Are chains of causation inexorable and dire? Does a continuum between extremes mean that neither extreme differs, or that one of those extremes doesn't exist?

Here, we'll discuss the Slippery Slope, and the two False Continua, similar arguments though representing causal and semantic versions respectively.

But first I'll deal with its causal version, the Fallacy of the Beard, also the Camel’s Nose fallacy. The first name comes from an analogy with the greying of a man's beard, in which the amount of grey is small at first, but inevitably progresses until the entire beard is grey. The second name comes from a fable in which a camel is permitted by its owner to stick its nose in the tent for warmth from the cold desert night air, quickly followed by the entire camel, who crowds its owner out of the tent and into the cold.

The slippery slope asserts that a position or claim is unacceptable because if accepted, its worst extreme must inevitably follow, without sound reasons as to how or why this must be.

It's a fallacy that's both committed and labels itself as an argument strategy at the same time, with the use of such opening phrases as "It's a slippery slope if..." or "It sets a bad precedent when..." and so on.

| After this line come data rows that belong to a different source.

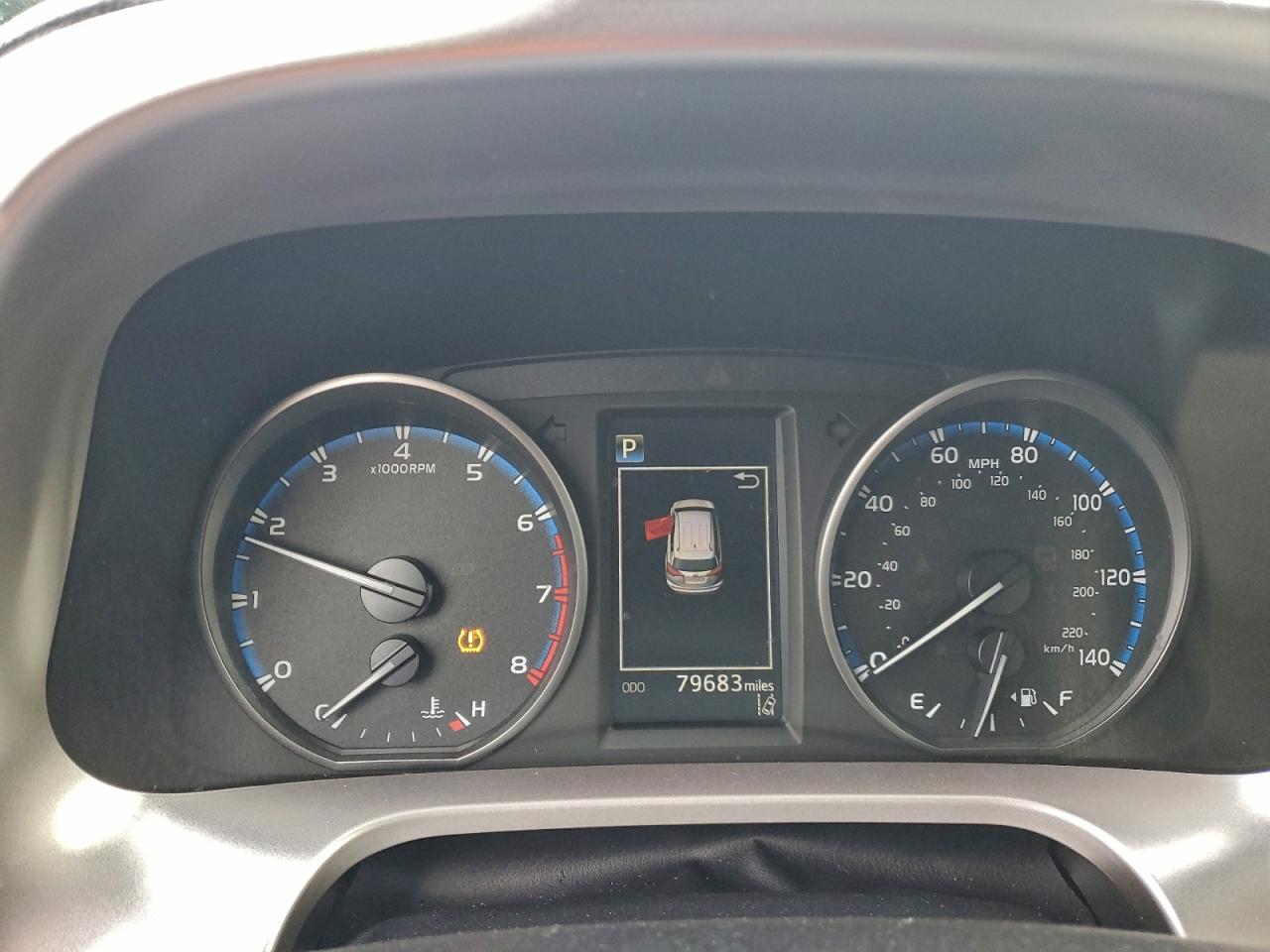 2017 TOYOTA RAV4 XLE photo 9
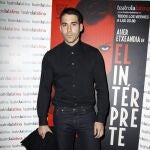 El actor Miguel ángel Silvestre posa para los medios en el estreno de «El Intérprete»el 22 de marzo de 2013.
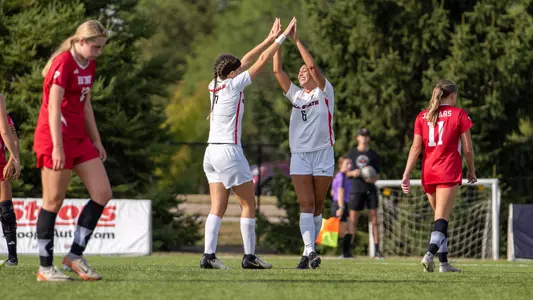Delaney Caldwell and Emily Roper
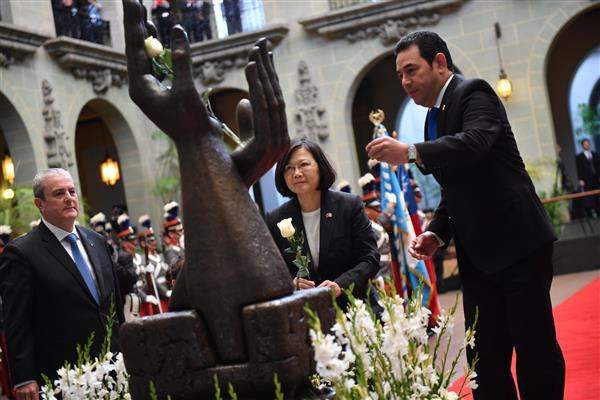 蔡英文總統為和平雕塑更換新鮮玫瑰，象徵為瓜國帶來和平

A superficially similar form of argument can be a strong line of reasoning when the chain of inference is laid out and each link logically follows, but the fallacy refers to the specious usage, as below:

The public teaching of comparative religion leads to awareness of religious diversity, then to religious doubt, then to agnosticism, then to atheism, then to anti-theism, then to nihilism, then to moral degeneracy, then inevitably to the disintegration of a society in total anarchy, so we don’t want comparative religion courses taught in our public schools.

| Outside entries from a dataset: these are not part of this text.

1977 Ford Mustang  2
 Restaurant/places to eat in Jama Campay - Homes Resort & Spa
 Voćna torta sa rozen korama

Beside the fact that the evidence just doesn’t bear this ridiculous chain of consequences out, note here that no supporting reasons or other justification are ever provided as to why this chain must be true.

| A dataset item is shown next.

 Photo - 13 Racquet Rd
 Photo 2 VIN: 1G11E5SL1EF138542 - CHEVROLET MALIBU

The Vagueness, or False Continuum, is below, used in two ways:

One version attempts to argue that concepts B and E shade into each other along a continuum without any fine dividing line between them, so they are the same thing, that no distinction exists.

But it just doesn’t follow that:

There is no difference between blue light and yellow light, despite no sharp dividing point in wavelengths in the visible spectrum.

Nor does it follow that:

There is no separation between humid or dry weather when the moisture in the air at any one time and place varies in degree from high to low.

The second variant is used to argue that concept B differs so little from concept E with no fine line between them, that concept E simply doesn’t exist. As for this one, it doesn’t follow that:

Truth doesn’t exist because of the continuum between truth and falsehood. The concept of truth is without any objective reference. It's all falsehood, and we don't know a thing!

These two fallacies, causal and semantic, are distinct, but they are mentioned together here as the use of the semantic version can and does often lead to the commission of the causal version. Their joint use implies that a slip from position or claim B to E is inevitable because of the lack of a fine point of separation between them.

The tricky thing about fallacies like these, often used by postmodernists and political buffs with conspiratorial leanings, is that they are common in social discourse, especially in academic settings like the Humanities, and oddly hard to recognize as specious while committing them oneself.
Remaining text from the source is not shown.